看待楊銳尷尬出來,陳紫悅不好意思的說:「抱歉啊,我不是故意要在貝姐面前說你賭錢的事……剛才是不小心說出來的……」
楊銳搖了搖頭,「沒事,我已經跟她解釋清楚了。貝姐相信我的人品,知道我不是濫賭的人,不會在意的。」
「那就好。」
兩個人在客廳裡面的沙發上面,陳紫悅想要轉移有點尷尬的氣氛,找了一個話題:「你似乎很久沒有來我們這裡了……」
「也不是啦,不過……和你一起在這裡坐著,好像沒有幾次,上次還是在這裡和你打了一架那次……」說起那次,楊銳回想起那時候把她壓在沙發上面,還打了她那美麗翹臀。
當時好像不僅僅打了,後面更是變成了摸。可惜的是,過了那麼久,手感已經不記得了。不過淡淡回憶起這樣一幕,就足以讓他心裡一蕩。
陳紫悅也想到了同樣的事情,臉上紅了一下。可能是勾起心理陰影、也可能是主觀心裡暗示,她彷彿覺得現在屁屁上面還有著那時候夾著疼與麻的奇怪感覺,不自覺的把臀部往沙發裡面挪了挪。
楊銳看出她的不自然,清了清嗓子,「呃……就是那次啦。」
「什麼?」
「我是說和你表姐在你房間裡面談話,就是那次在裡面拍到的相片。」
「哦。」
「你……沒什麼。」楊銳想要說要不要去看看、案件重演一下,可是馬上反應過來,這有什麼好看的?更不可能案件重演,趕緊自己住口了。

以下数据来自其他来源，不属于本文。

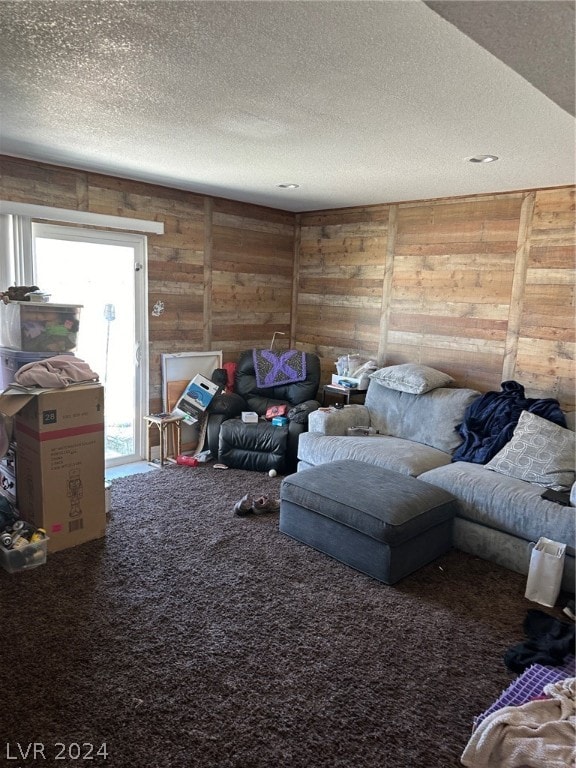 living room with wood walls, carpet floors, and a textured ceiling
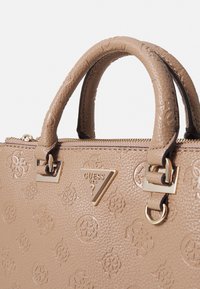 Beżowa torebka o teksturowanej powierzchni ze złotymi akcentami, z wytłoczonymi wzorami logo, podwójnymi uchwytami i zamknięciem na zamek u góry.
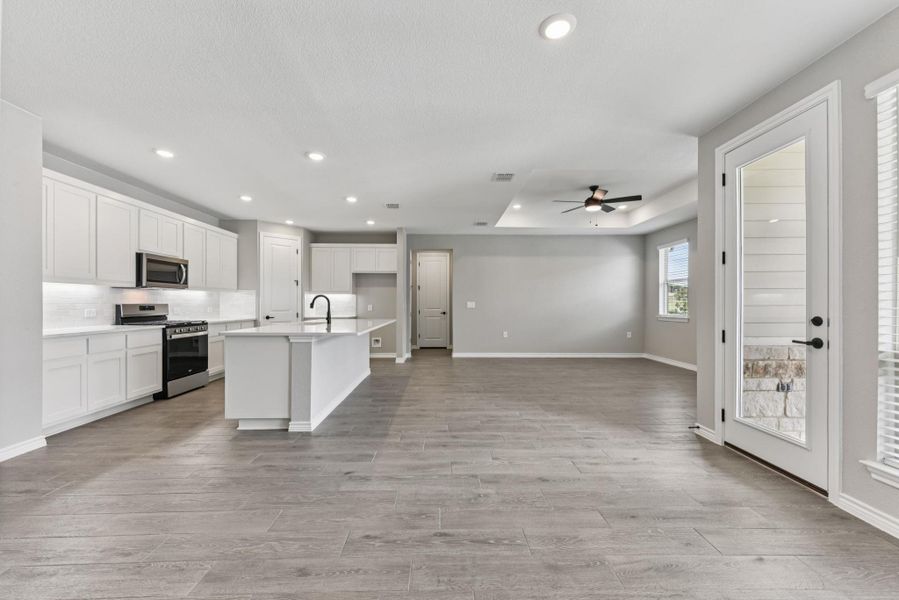 Kitchen featuring stainless steel appliances, white cabinets, a center island with sink, recessed lighting, and light wood-style flooring Kitchen featuring stainless steel appliances, white cabinets, a center island with sink, recessed lighting, and light wood-style flooring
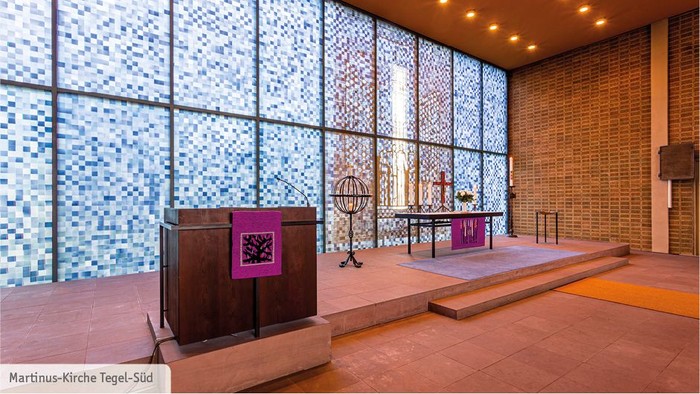 Modernes Kircheninnere mit großen Glasfenstern und Holzpulten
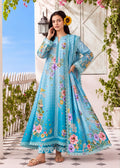 A woman models a long turquoise blue embroidered Anarkali gown with floral prints, set against a decorative outdoor background with a white door, green vines, and a blue sky.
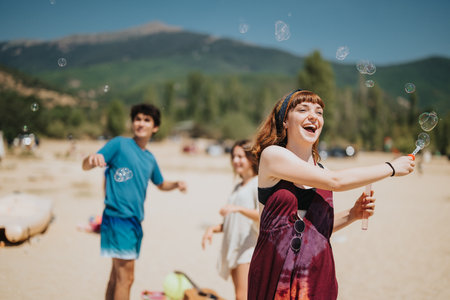 Group of friends enjoying bubbles on a sunny day at a beach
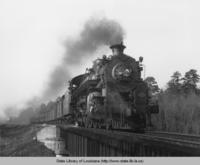 Texas and Pacific train crossing the Bayou Pierre tressell bridge in Louisiana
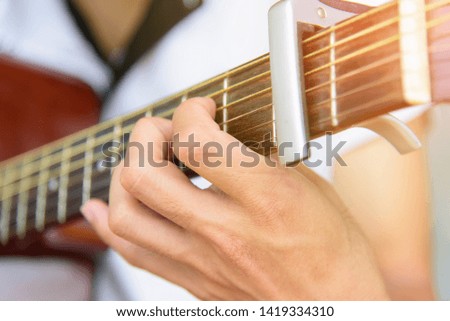 Musician playing finger style on acoustic guitar with capo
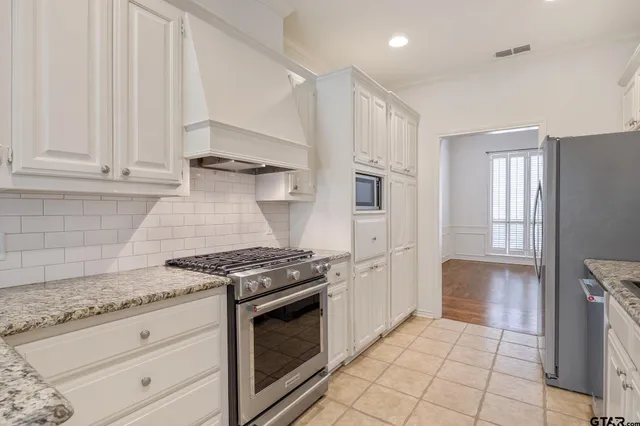 a kitchen with stainless steel appliances granite countertop white cabinets and a refrigerator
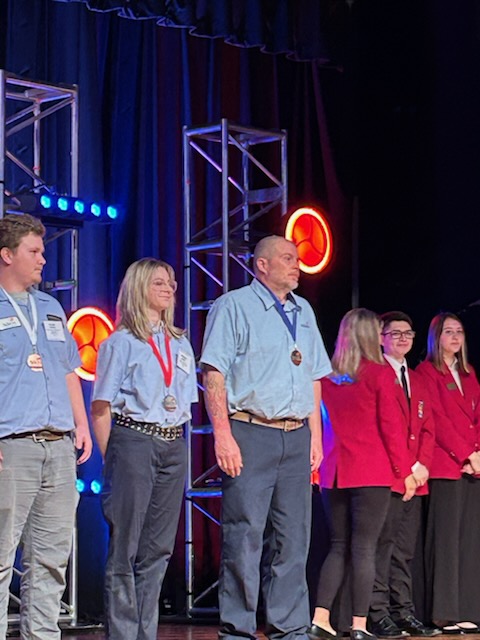 Peter Baldasoro on stage with blue medal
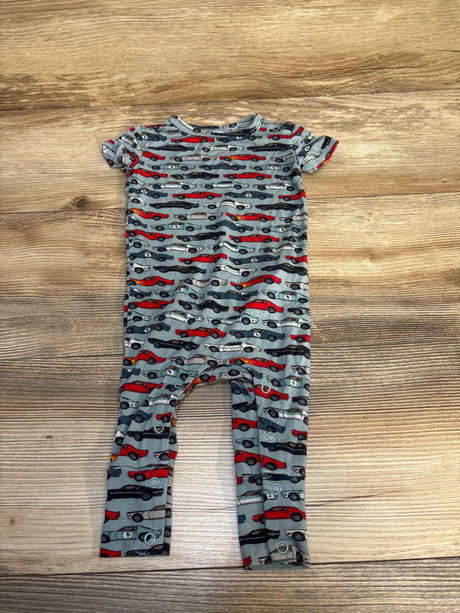Gray baby romper with red, black, and white car print, short sleeves, wood background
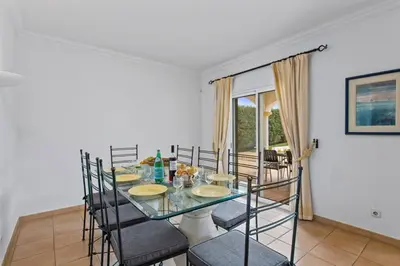 a dining room with a glass table and chairs at Villa White Sands - Private Oasis, Heated Pool, Beaches & Strip Nearby in Albufeira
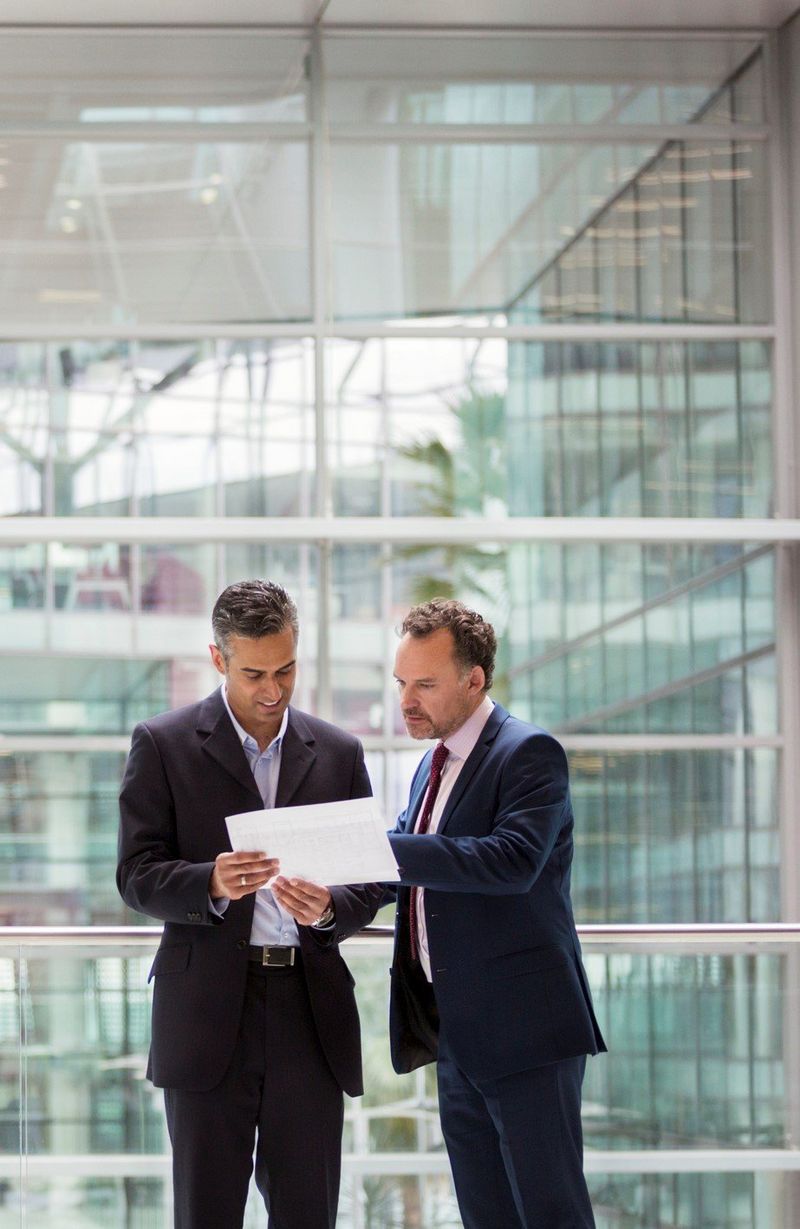 Businessmen discussing portrait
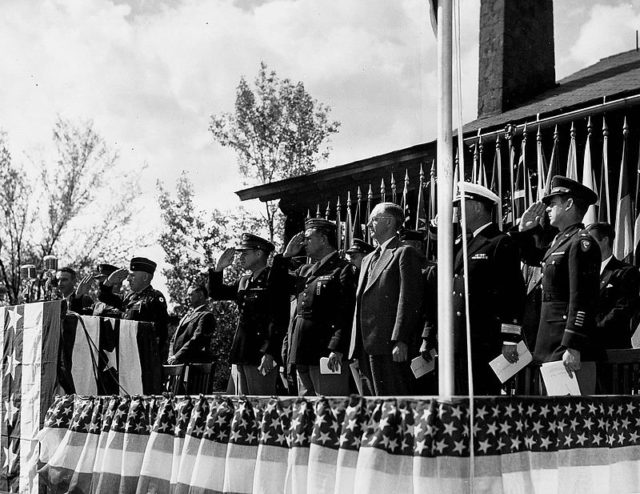 Presentation of the Army–Navy “E” Award at Los Alamos on 16 October 1945. Standing, left to right: J. Robert Oppenheimer, unidentified, unidentified, Kenneth Nichols, Leslie Groves, Robert Gordon Sproul, William Sterling Parsons.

貝臻很快換好衣服出來了,三個人下去之後,又遇到了一個問題。
陳紫悅喜歡跑車,在燕京家裡有一輛,這裡她姥爺袁志峰又送了一輛給她。平時她都是一個人用,自然沒有什麼不便,開去哪裡都很拉風。
但是現在,又是像在燕京的那個晚上一樣,雙座的跑車要坐三個人。
發現了這個問題,陳紫悅對楊銳點了點頭,「老規矩,像上次一樣。」
元旦的時候,陳紫悅跟楊銳還是充滿了矛盾的。那時候貝臻把袁嫣演唱會的門票送給了楊銳,走的時候,陳紫悅就很自然的拉貝臻走了,讓楊銳在深夜、萬人的體育館外自己去找計程車。
現在九個月過去了,兩個人的關係已經有了很大的不同,貝臻聽了陳紫悅,不由意味深長的笑了起來:「咦?你們還很有默契的嘛?什麼老規矩啊,我怎麼不知道?」
能有美女坐懷,楊銳自然樂意,神秘一笑:「嘿嘿,你馬上就會知道了。」
看到陳紫悅和楊銳各自上車,貝臻馬上比劃了一下:「楊銳,你下來,自己打車去!」
楊銳拍了一下自己的大腿,眨了眨眼睛,低聲笑道:「紫悅說的老規矩,就是讓你坐這裡啊!」
「搞什麼鬼?」貝臻狐疑的看著他們。
陳紫悅也說:「貝姐,沒關係吧,上次在燕京,我載楊銳和他堂姐,就是這樣坐的。」
貝臻眉毛一揚,雖然乾姐姐和堂姐還是有不同的,不過如果特別強調的話,反而顯得自己想多了,她沒有再說,小心的上去坐在了楊銳的腿上。
「姐,坐好了,我扶著你。」楊銳很自然的、很熟練的伸手扶住了她的纖腰。
這可不僅僅是坐一個人那麼簡單,而是一個姓感的美女坐在自己懷裡啊!由於空間的關係,基本上會造成她的粉臀直接壓住大腿根部。楊菲菲是有血緣的堂姐,坐在楊銳的腿上,顛簸下來,他都難免會有本能的反應。何況更加姓感誘人的貝臻呢?